Abbiamo intervistato l'attore Elio Germano, protagonista del film "Il Passato è una Terra Straniera" di Daniele Vicari, attualmente nelle sale di tutta Italia.


Elio Germano:
Dopo “Il passato è una terra straniera”, tratto dal romanzo Carofiglio, la vedremo a breve protagonista di “Come Dio comanda”, per la regia di Salvatores, tratto dal romanzo di Ammaniti. Qual è il suo rapporto con la lettura?
Elio Germano: Se mi capita di non aver letto il libro da cui il film a cui sto per lavorare è tratto, scelgo sempre di non leggerlo, e al massimo preferisco adottare delle letture che ne approfondiscano l’argomento. Già si combatte nel mio lavoro con tante gabbie mentali, e per non sentire la necessità di aderire a qualcosa di già scritto, preferisco fare così. Pensa che non vado nemmeno al cinema e cerco di non fare niente che possa interferire con il lavoro che sto per fare.

Nella sua carriera si è trovato ad interpretare molti ruoli anarchici o eccessivi. Come si pone Germano nell’interpretare questo genere di personaggi?
Elio Germano: Certamente questo non deriva da un mio calcolo. Penso ad ogni film come ad un esperienza e ad un viaggio completamente nuovo, anche perché si fa con persone sempre diverse e ognuno di questi lavori lo si dedica al regista di turno. Noi attori siamo come l’inchiostro di uno scrittore e rappresentiamo il corpo di quello che ha in mente il regista, facendo credere che si tratti di qualcosa che sta accadendo in quel momento. Per me è quindi difficile cogliere qualcosa da spettatore, perché quando mi approccio al mio lavoro finito chiaramente c’è un processo non oggettivo di visione del film.

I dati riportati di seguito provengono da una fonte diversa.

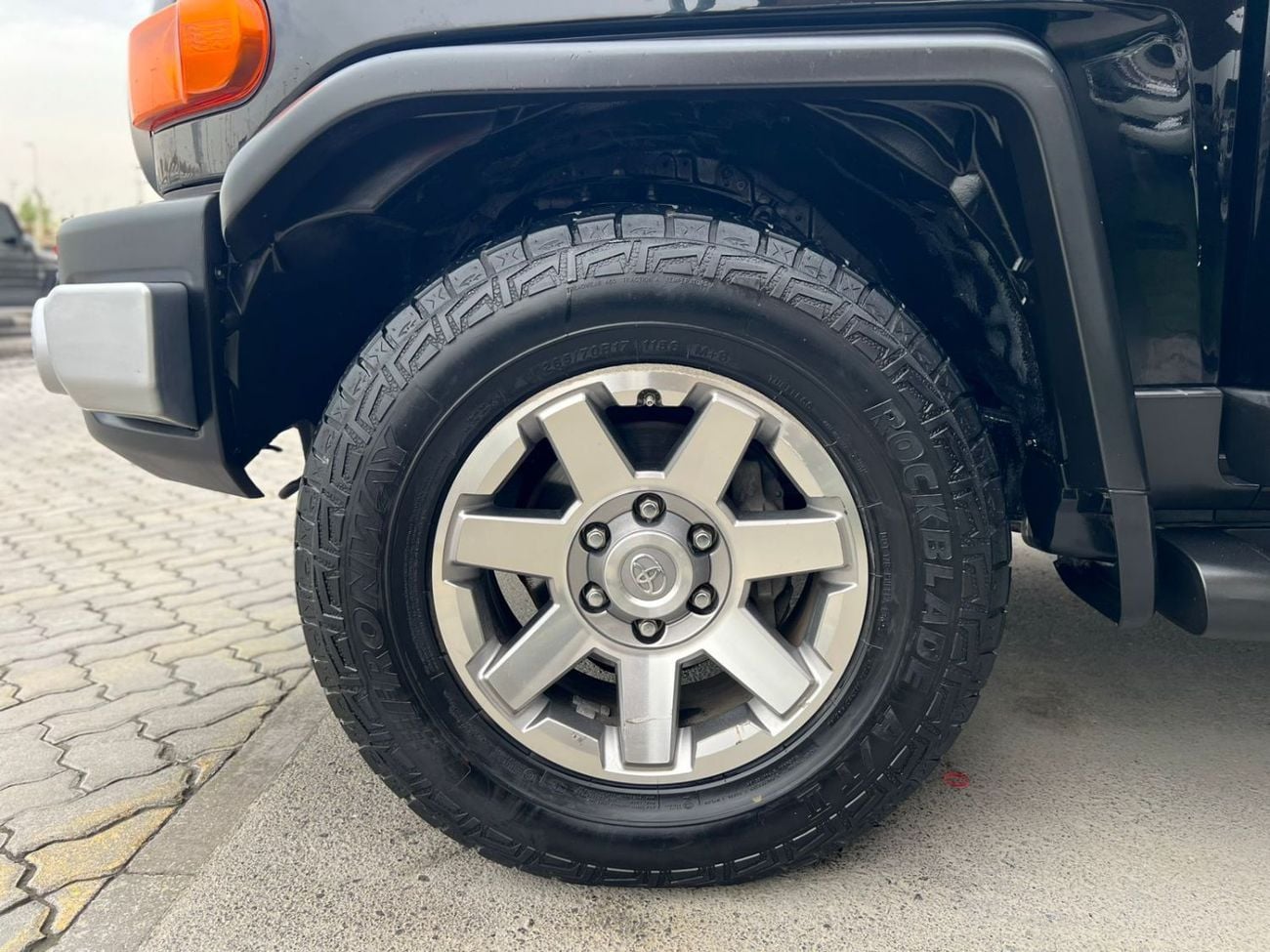 Toyota FJ Cruiser TOYOTA FJ CRUISERE 2017 Std 4.0L (270 HP)/V6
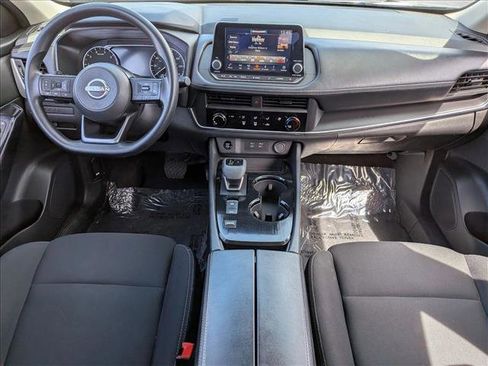 Used 2024 Nissan Rogue S image 17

Non riesco a capire di me stesso che percorso sto facendo, se non a livello intimo ed estetico.

Due sono i mali maggiori che abitualmente si rintracciano nel campo del cinema: il primo è la mancanza di coraggio da parte di certi produttori ad investire in un certo genere di film; la seconda è legata alla cattiva distribuzione delle pellicole, come nel caso di “Sangue” di Libero De Rienzo, in cui lei è protagonista, uscito in sole otto copie, ma vincitore di molti premi all’estero. Cosa ne pensa in merito?

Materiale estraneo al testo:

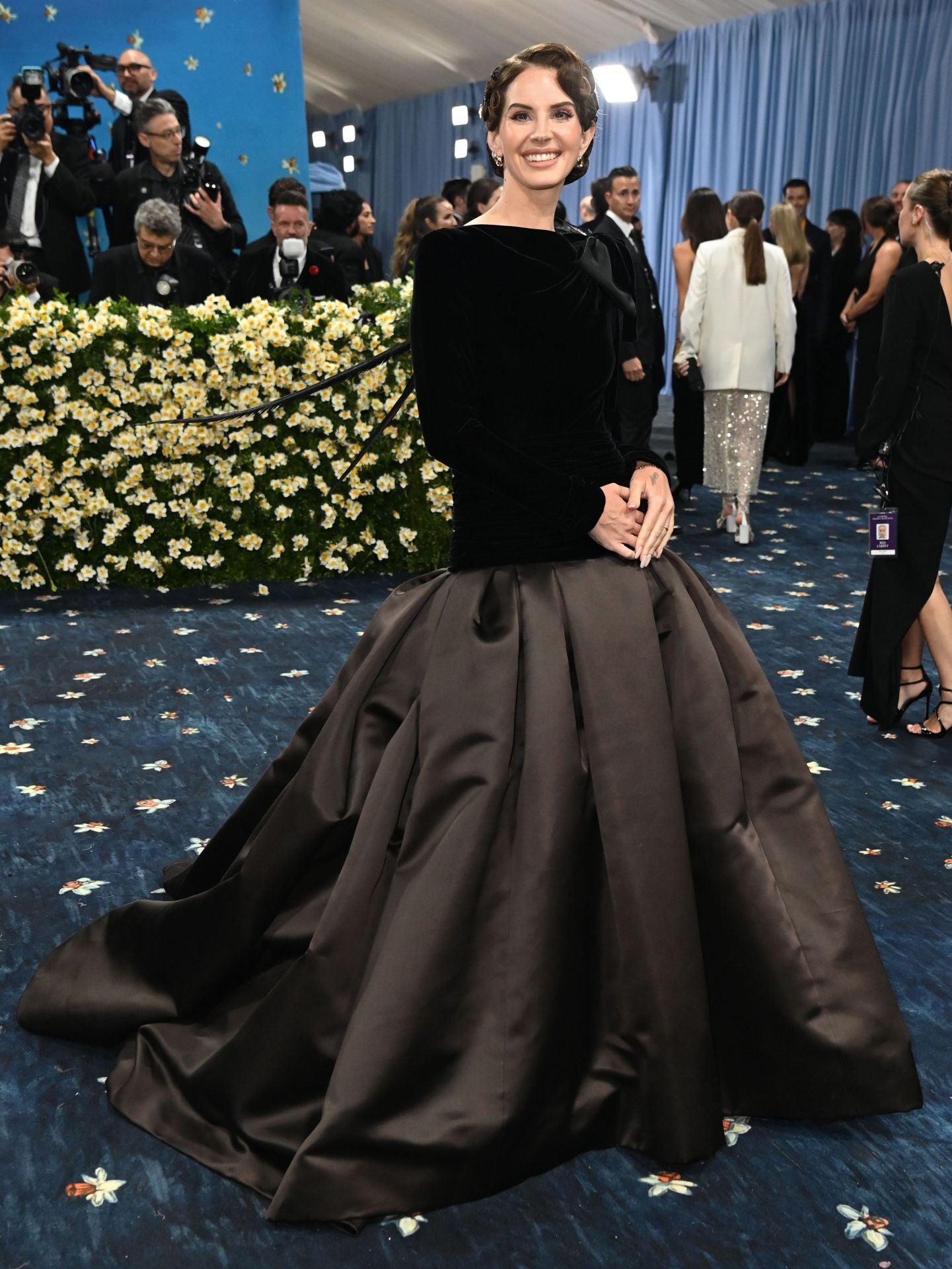 Lana Del Rey, de Valentino alta costura y accesorios de Valentino Garavani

Elio Germano: Io penso che ci sia un problema in Italia non solo nel cinema, ma in tutti gli ambienti i lavoro. Viviamo in un momento storico complesso, che ha messo l’interesse economico al primo posto della classifica degli interessi di uno Stato. Questo atteggiamento di non considerazione della qualità, ma soltanto della quantità, intesa come introiti, sta avendo effetti in tutti i settori. Nel nostro, questo comporta che, nonostante si facciano già pochi film, i produttori facciano delle scelte solo se sicuri di rientrarci con le spese, e a volte lo fanno solo se ci rientrano solo in partenza. L’identikit di chi produce i film corrisponde a quello che deve fare i soldi, e già questa logica comporta un effetto molto complesso che si riscontra nel rapporto che ogni dipendente ha nei confronti del proprio posto di lavoro. Nella macroeconomia avviene che un film come “Sangue” venga distribuito in sole otto copie perché non h garanzia che possa far successo e non ci sono nomi di richiamo. Non si può rischiare di investire nella qualità di un film, ma si deve essere sicuri che quel progetto porterà dei soldi. Quindi spesso si fanno dei film “a pacchetto”, e purtroppo non esiste più la figura del produttore che crede in un talento.